In this notebook I will demonstrate image search. By this I mean I will write an algorithm that accepts an image as input and will return a list of "similar" images as output.

Search, in this case, means finding items that are "similar" some some specified item. In practice "similarity" needs to be defined, and different definitions may be useful for different applications. In this notebook, I define "similar" to mean that the color distribution of the pixels in the images are similar. In fact, I will refine the definition and say that similar images have pixels of similar color distributions in common regions of the image.

I have a collection of images through which my algorithm will search. The algorithm, when given an image, will compute how similar each image in the collection is to the input image. This may not be the most efficient approach to search; my objective is not efficiency but to demonstrate how we can find "similar" images.

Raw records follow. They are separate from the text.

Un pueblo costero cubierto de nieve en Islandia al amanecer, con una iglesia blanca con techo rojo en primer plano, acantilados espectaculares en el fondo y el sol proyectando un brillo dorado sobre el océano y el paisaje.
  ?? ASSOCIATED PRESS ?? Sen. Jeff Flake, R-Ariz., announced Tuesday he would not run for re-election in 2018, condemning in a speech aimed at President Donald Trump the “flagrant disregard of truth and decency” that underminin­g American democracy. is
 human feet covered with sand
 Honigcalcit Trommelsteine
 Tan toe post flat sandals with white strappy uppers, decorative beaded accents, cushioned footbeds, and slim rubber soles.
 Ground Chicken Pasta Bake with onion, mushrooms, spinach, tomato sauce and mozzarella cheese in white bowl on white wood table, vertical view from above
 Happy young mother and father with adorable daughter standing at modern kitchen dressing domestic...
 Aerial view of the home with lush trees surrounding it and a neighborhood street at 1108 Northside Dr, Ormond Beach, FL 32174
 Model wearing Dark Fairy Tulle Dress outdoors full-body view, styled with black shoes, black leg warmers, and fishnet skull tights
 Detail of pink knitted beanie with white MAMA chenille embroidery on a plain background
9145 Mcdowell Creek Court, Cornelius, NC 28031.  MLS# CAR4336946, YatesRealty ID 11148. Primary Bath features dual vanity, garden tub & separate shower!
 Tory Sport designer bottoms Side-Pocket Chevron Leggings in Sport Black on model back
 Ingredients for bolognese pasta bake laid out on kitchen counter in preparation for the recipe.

We also need a way to describe the color distribution of an image. Here I bin RGB values (viewed as separate and independent channels) and use the discretized distributions to describe the colors in the image. When we have two of these distributions for an image, we then compute a metric known as the $\chi^2$-distance:

$$\sum_{k = 1}^K \frac{(x_k - y_k)^2}{x_k + y_k}$$

where $K$ is the number of bins, $x_k$ is the (normalized) count of the $k^{\text{th}}$ bin of one image, and $y_k$ is the equivalent number for the other image.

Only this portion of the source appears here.